I thought of Jonah and I realized his situation wasn’t an ancient anomaly. I realized that all around us, in the Church and in our personal lives, there are modern-day Jonahs.

Called by the Lord to cry repentance, Jonah had valid reasons for not wanting to go to the city of Nineveh to preach. Every one of his reasons and fears were defendable. Nineveh was wicked. If Jonah accepted the call persecution was to be expected, torturous death probable. And, in his own battle with doubt, Jonah felt failure was guaranteed. He couldn’t do the job so why not send someone else?

Don’t we often feel that way?

So Jonah ran and every child in Sunday School knows what happened. He was swallowed by a great fish “And Jonah was in the belly of the fish three days and three nights” until Jonah was finally vomited out.

That is so true. You don’t get out of selfish situations like that without getting at least a little of life’s vomit on you.

But what was the real reason Jonah came out of the belly and went to Nineveh? It wasn’t because the fish didn’t like human fillets.

Jonah was released from his living Hell because the Lord heard and accepted Jonah’s prayers and his repentance. “I will sacrifice unto thee with the voice of thanksgiving; I will pay that that I have vowed,” Jonah cried.

Jonah was finally willing to do what he feared, finally ready to sacrifice to serve the Lord. He was willing to keep his vows, both those made in mortality and before this life.

Before coming to earth, we all made vows to the Lord. (see Jer. 1:4-5 and others.) If one of those vows was service in His Kingdom here one earth and when faced with that earthly reality we choose to run rather than pay that which was vowed, life swallows us up and we can find ourselves in a belly of bile. Once there our only escape is prayer, returning to our vows, and being vomited out.

My friend’s story made me feel for her family. How great can be the effects if even one person in a family runs from responsibility, especially spiritual responsibility.

But we often forget what happens next.

In the rest of the story, Jonah does keep his vow and goes to Nineveh but he grows angry at the situation. He finally asks the Lord to destroy the city and sits down to wait.

As he sits and does nothing but wait for vengeance, he finds temporary pleasure in a gourd that has grown around him and shaded him from the sun. When the gourd dies, Jonah decides in his anger to give up. Why try anymore? He laments. The Lord doesn’t answer any of my prayers.

(Isn't it interesting that Jonah wasn't really trying at the time of his lament. He wasn't even trying to help the gourd! He is just letting life happen to him and all that are around him. He isn't getting involved.)

Hearing Jonah's angered pronouncement, the Lord lovingly responds that Jonah has been focused on, and finding pleasure with, the wrong thing.

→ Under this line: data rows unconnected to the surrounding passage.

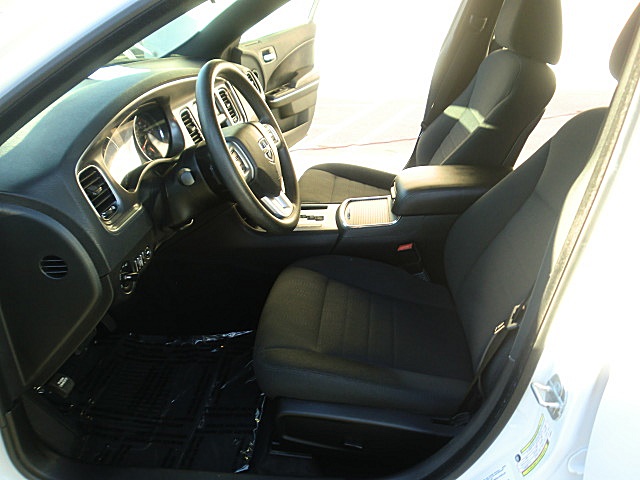ChargerWhite2011/25v42.JPG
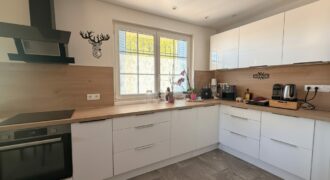 Maison individuelle avec double garage et dépendance aménagée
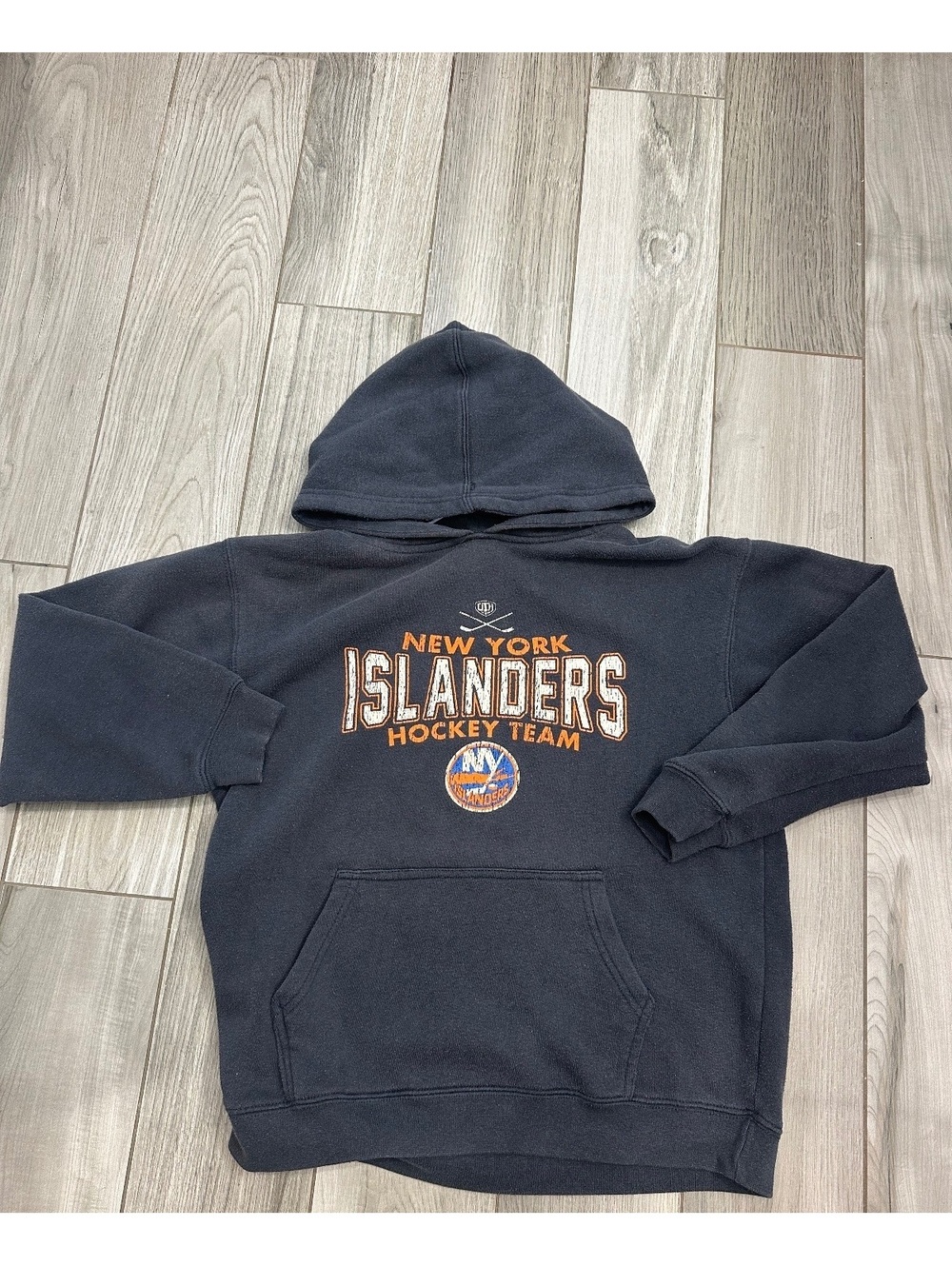 Old Time Hockey New York Islanders Youth Large Hoodie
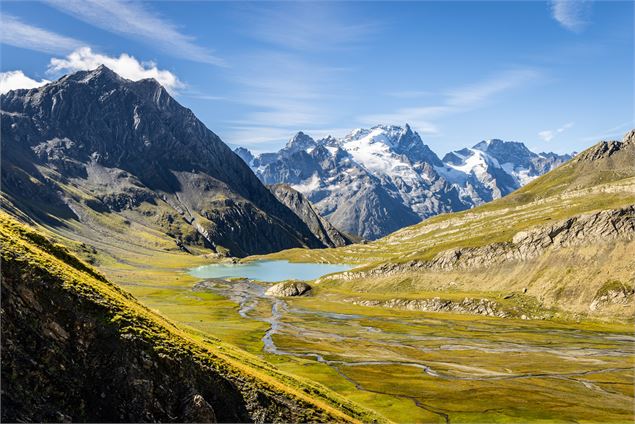 Tour des Aiguilles d'Arves : Refuge du Goléon - Refuge des Aiguilles d'Arves_Valloire - Thibaut BLAI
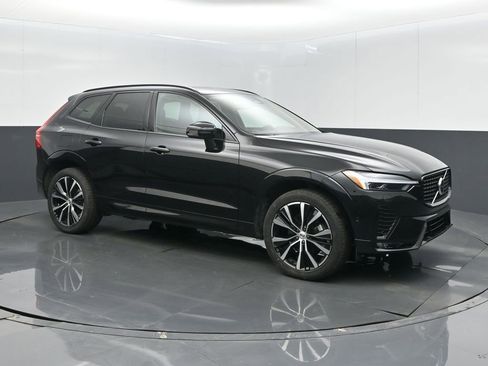 Used 2024 Volvo XC60 B5 Plus image 28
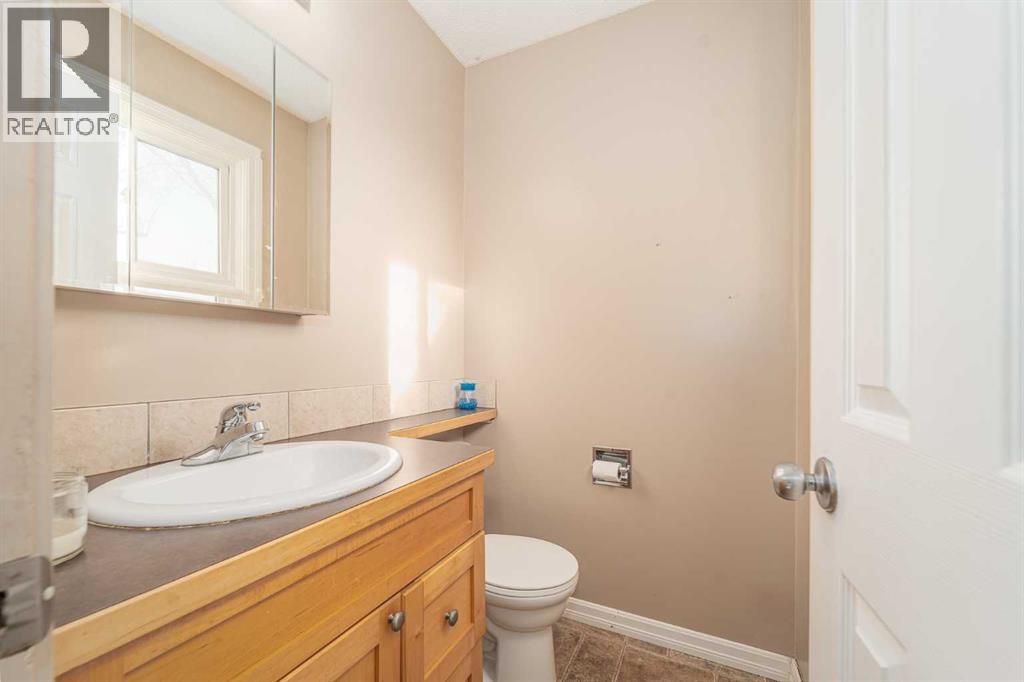 406 12 Avenue N, Lethbridge, Alberta  T1H 2J6 - Photo 12 - A2270947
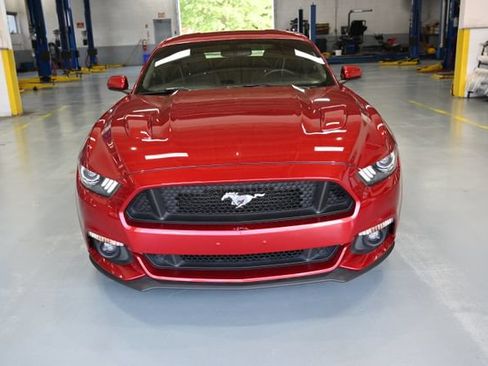 Used 2015 Ford Mustang GT RWD image 2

“Thou hast had pity on the gourd, for the which thou hast not laboured, neither madest it grow.” Then, wisely the Lord asks, “should I not spare Nineveh?”

Nineveh, the city of 120,000 people…His children. Children He has labored for and loved. Why fret over a gourd when greater needs are before our eyes?

Jonah’s answer is not given. Have you noticed that?

Maybe that's because it isn’t Jonah’s answer to give but a personal answer we all must make.

Are we laboring for and taking pleasure in the wrong things?

Are we running from true service to the Lord?

If we are we will, eventually, find ourselves in the belly of misery.